---- DATA RECORDS
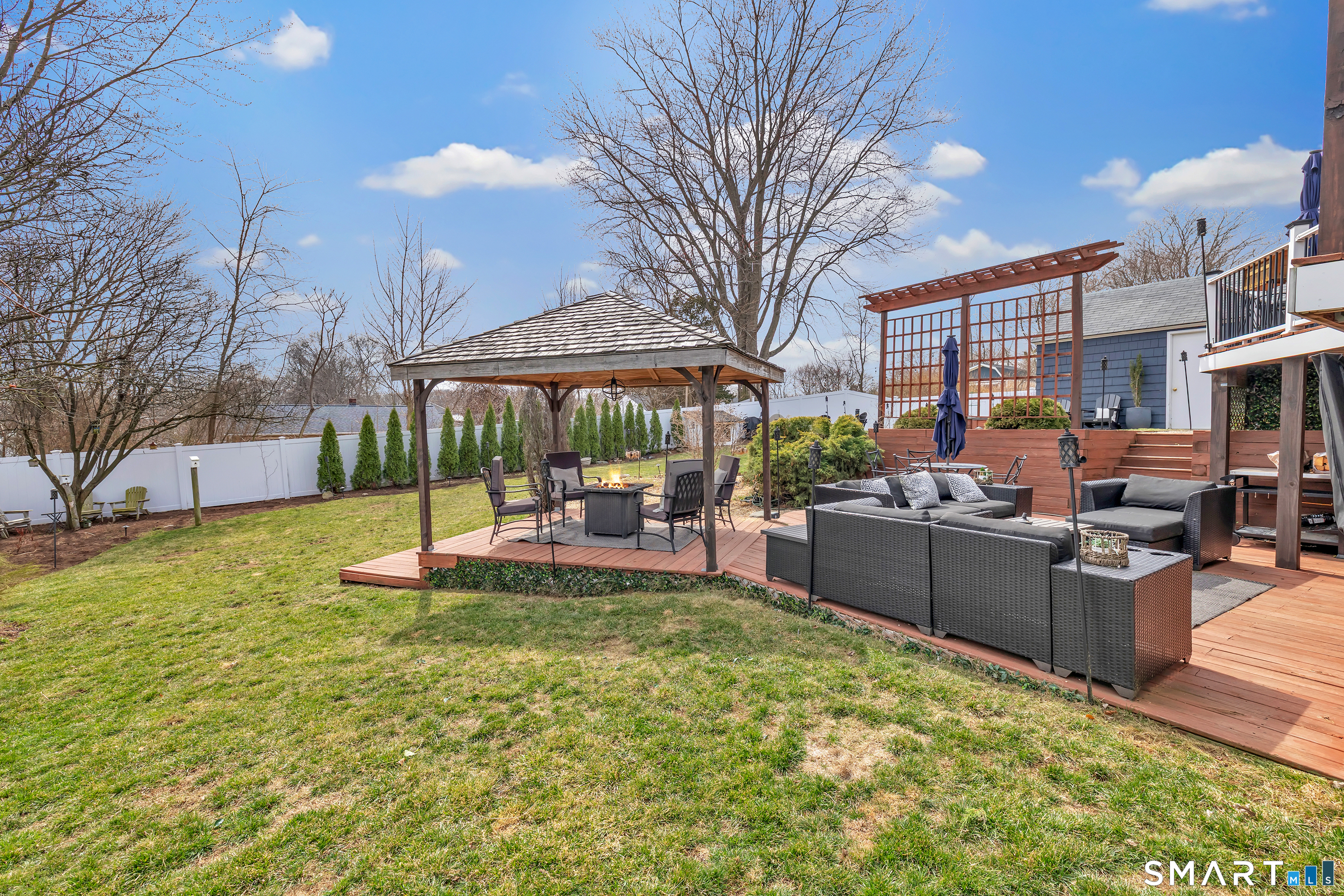 1107 Naugatuck Avenue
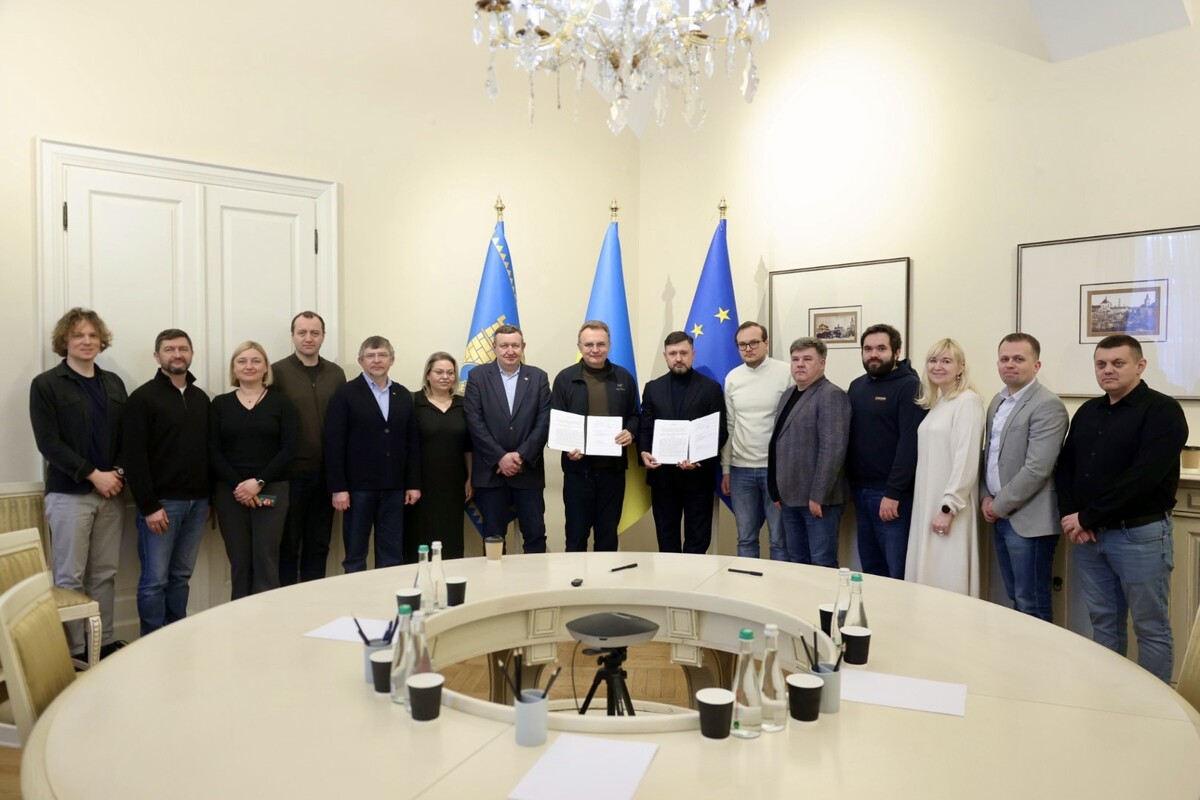 Мер Львова Андрій Садовий, мер Маріуполя Вадим Бойченко, посадовці та депутати Львівської міської ради на фоні прапорів ЄС, України та Львова в Білій залі Львівської міської ради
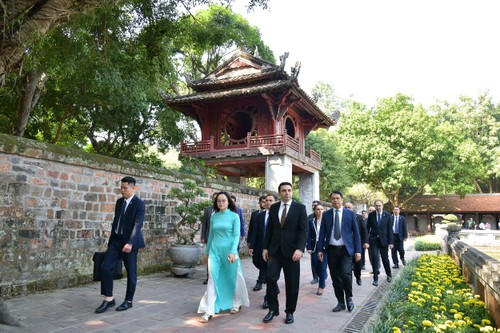 Dirigente del Parlamento de Armenia rinde homenaje al Presidente Ho Chi Minh y visita Templo de la Literatura - ảnh 1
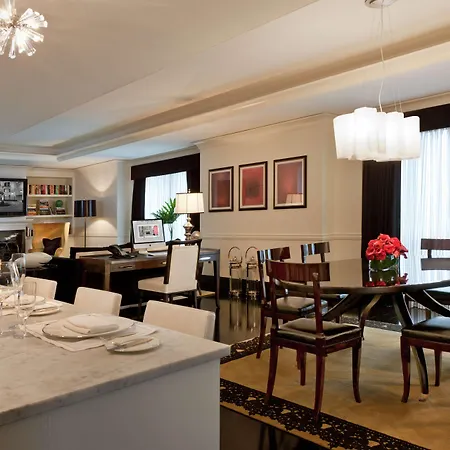 Waldorf Astoria 5*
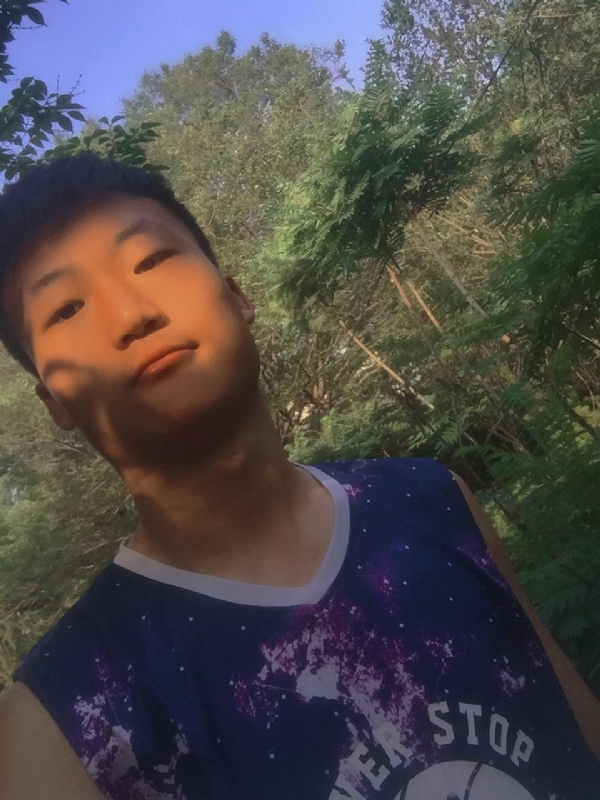 夏日的第一张照片--中老年相亲网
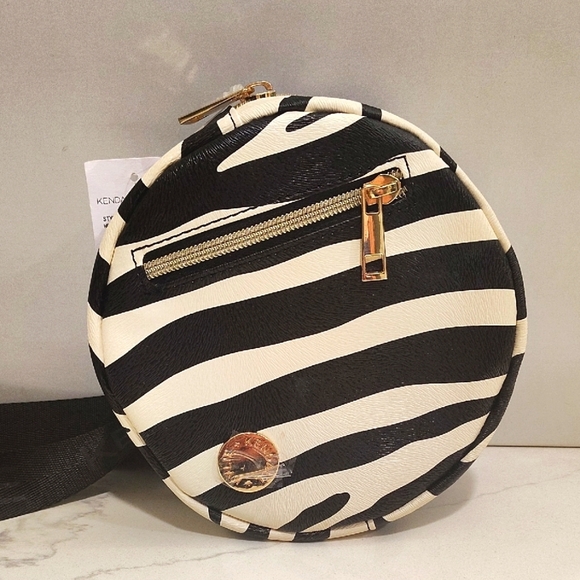 Kendall + Kylie Fanny Black Cream Zebra Print Pack Crossbody Bag NWT - Picture 1 of 9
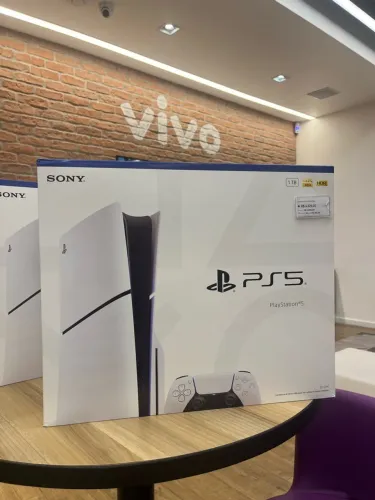 PS5 lacrado e com Garantia ?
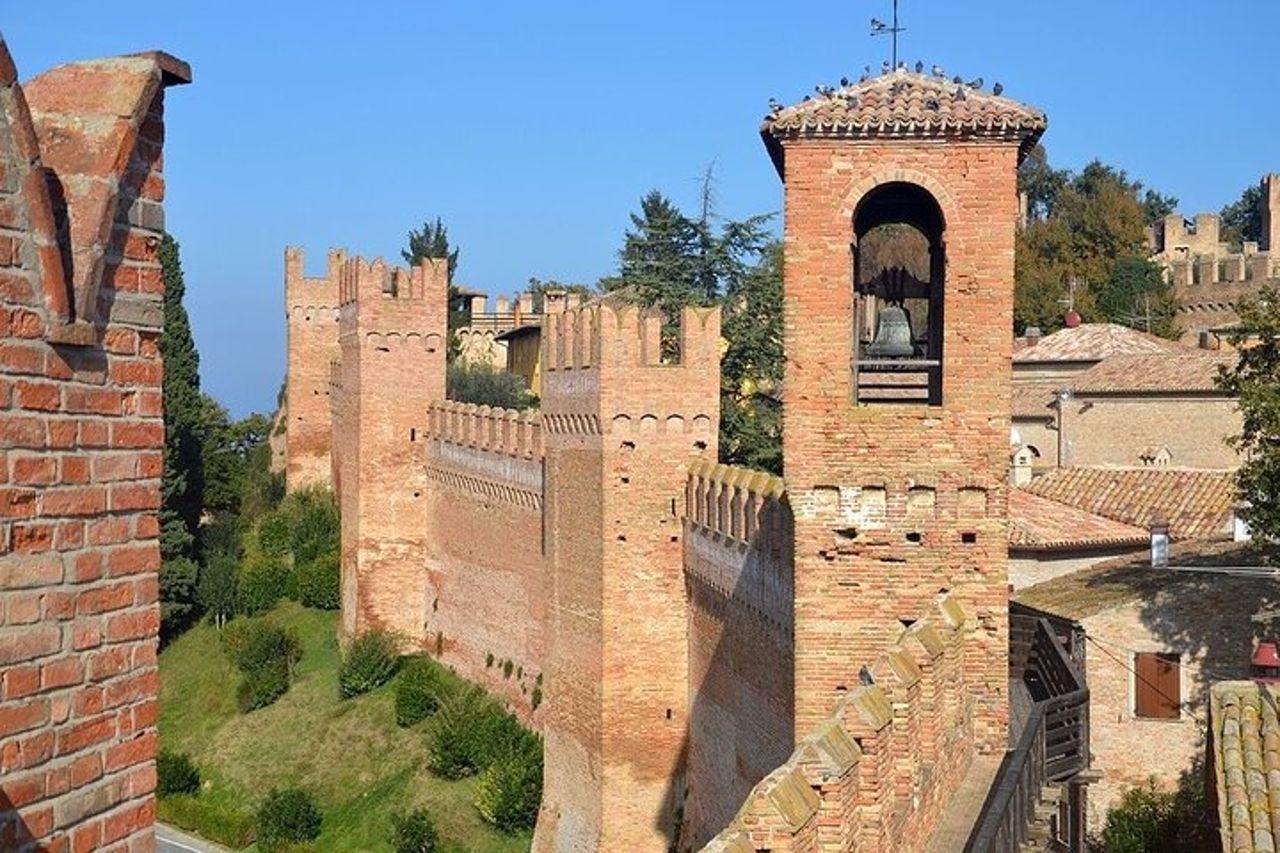 Tour di degustazione di vini a piedi di Gradara — 3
--------
■ TASK DESCRIPTION ■
Reproduce verbatim every line starting at the line that holds "Waldorf Astoria 5*" and ending with the final line of the data; omit the pictures.

■ TASK ANSWER ■
 Waldorf Astoria 5*
 夏日的第一张照片--中老年相亲网
 Kendall + Kylie Fanny Black Cream Zebra Print Pack Crossbody Bag NWT - Picture 1 of 9
 PS5 lacrado e com Garantia ?
 Tour di degustazione di vini a piedi di Gradara — 3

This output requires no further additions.